━━ Available data
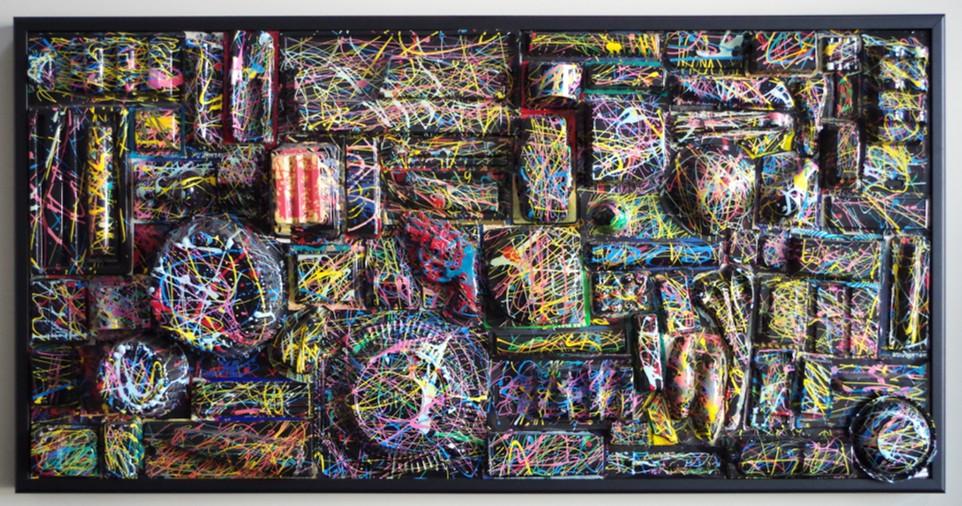 Created for a show titled 'Recycle Millenia', this piece is one of an ongoing series.
The work re-uses 70 pieces of plastic product packaging, painted then collaged into a framed space.
When this piece was displayed in a gallery setting or elsewhere, I've seen how this piece becomes something of a guessing game with people quizzing each other about what had been inside each of these shapes. I also hope it serves as an environmental statement, asking a viewer to reconsider how much packaging waste we encounter on a daily basis.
━━━━
» **What is being asked**
From the first line to the last, set down the data exactly, without the pictures.

» **Your response**
 Created for a show titled 'Recycle Millenia', this piece is one of an ongoing series.
The work re-uses 70 pieces of plastic product packaging, painted then collaged into a framed space.
When this piece was displayed in a gallery setting or elsewhere, I've seen how this piece becomes something of a guessing game with people quizzing each other about what had been inside each of these shapes. I also hope it serves as an environmental statement, asking a viewer to reconsider how much packaging waste we encounter on a daily basis.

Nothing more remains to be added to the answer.